Record set.
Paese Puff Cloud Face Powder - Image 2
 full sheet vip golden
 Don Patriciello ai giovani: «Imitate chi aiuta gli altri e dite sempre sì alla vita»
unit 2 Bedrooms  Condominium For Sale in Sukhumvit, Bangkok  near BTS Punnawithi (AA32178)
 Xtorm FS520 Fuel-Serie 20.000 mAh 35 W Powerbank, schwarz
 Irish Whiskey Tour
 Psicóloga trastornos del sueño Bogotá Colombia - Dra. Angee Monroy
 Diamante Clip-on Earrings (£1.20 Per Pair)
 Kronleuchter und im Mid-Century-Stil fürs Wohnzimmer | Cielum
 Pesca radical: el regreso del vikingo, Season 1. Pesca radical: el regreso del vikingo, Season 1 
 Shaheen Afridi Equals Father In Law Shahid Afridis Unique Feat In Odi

Your objective. Beginning at the line containing "unit 2 Bedrooms", output exactly each line up to and including the last line of the material above.

Output for this exercise.
unit 2 Bedrooms  Condominium For Sale in Sukhumvit, Bangkok  near BTS Punnawithi (AA32178)
 Xtorm FS520 Fuel-Serie 20.000 mAh 35 W Powerbank, schwarz
 Irish Whiskey Tour
 Psicóloga trastornos del sueño Bogotá Colombia - Dra. Angee Monroy
 Diamante Clip-on Earrings (£1.20 Per Pair)
 Kronleuchter und im Mid-Century-Stil fürs Wohnzimmer | Cielum
 Pesca radical: el regreso del vikingo, Season 1. Pesca radical: el regreso del vikingo, Season 1 
 Shaheen Afridi Equals Father In Law Shahid Afridis Unique Feat In Odi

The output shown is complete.